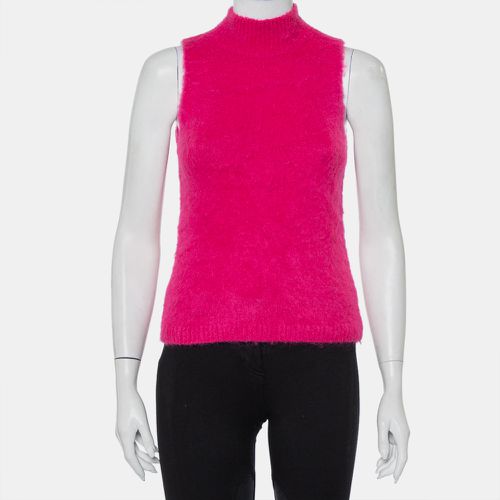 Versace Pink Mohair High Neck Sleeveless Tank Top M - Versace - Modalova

==

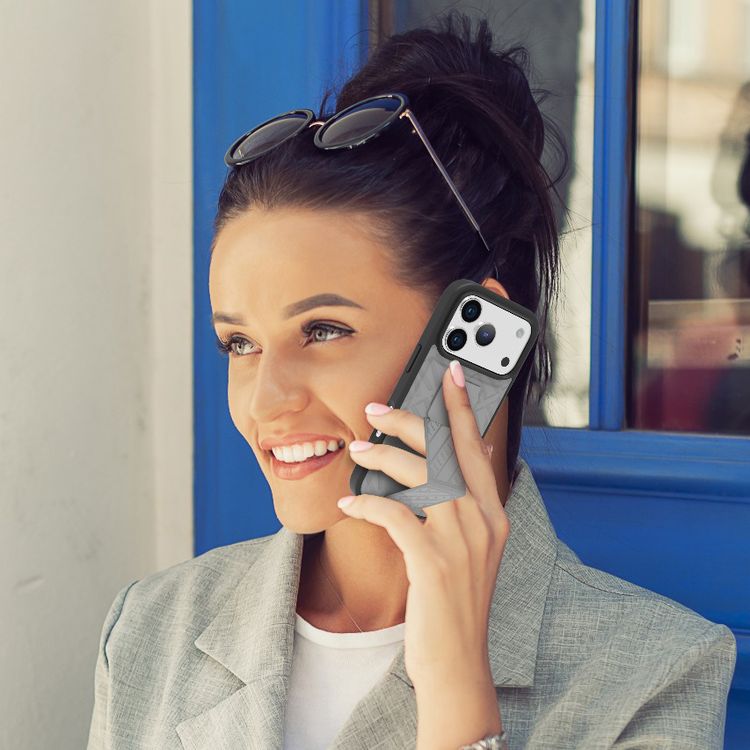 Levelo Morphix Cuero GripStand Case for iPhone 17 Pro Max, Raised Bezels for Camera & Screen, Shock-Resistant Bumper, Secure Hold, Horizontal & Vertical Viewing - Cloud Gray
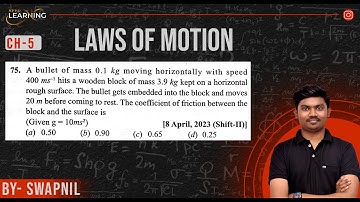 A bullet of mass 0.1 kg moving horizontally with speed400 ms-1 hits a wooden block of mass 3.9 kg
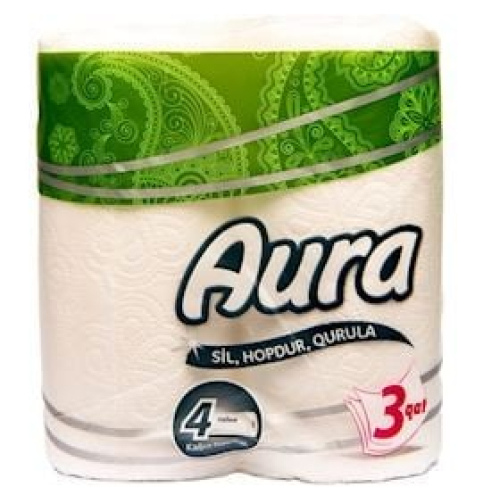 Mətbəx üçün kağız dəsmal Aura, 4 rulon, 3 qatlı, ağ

...

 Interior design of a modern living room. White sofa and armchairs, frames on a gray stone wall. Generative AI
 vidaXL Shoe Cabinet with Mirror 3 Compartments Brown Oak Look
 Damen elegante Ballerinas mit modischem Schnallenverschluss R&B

> **TASK OBJECTIVE**: Using the listing above, repeat word for word each line from the one with "Levelo Morphix Cuero" down to the one with "Mətbəx üçün kağız", both included. Omit all pictures.

> **TASK SOLUTION**:
 Levelo Morphix Cuero GripStand Case for iPhone 17 Pro Max, Raised Bezels for Camera & Screen, Shock-Resistant Bumper, Secure Hold, Horizontal & Vertical Viewing - Cloud Gray
 A bullet of mass 0.1 kg moving horizontally with speed400 ms-1 hits a wooden block of mass 3.9 kg
 Mətbəx üçün kağız dəsmal Aura, 4 rulon, 3 qatlı, ağ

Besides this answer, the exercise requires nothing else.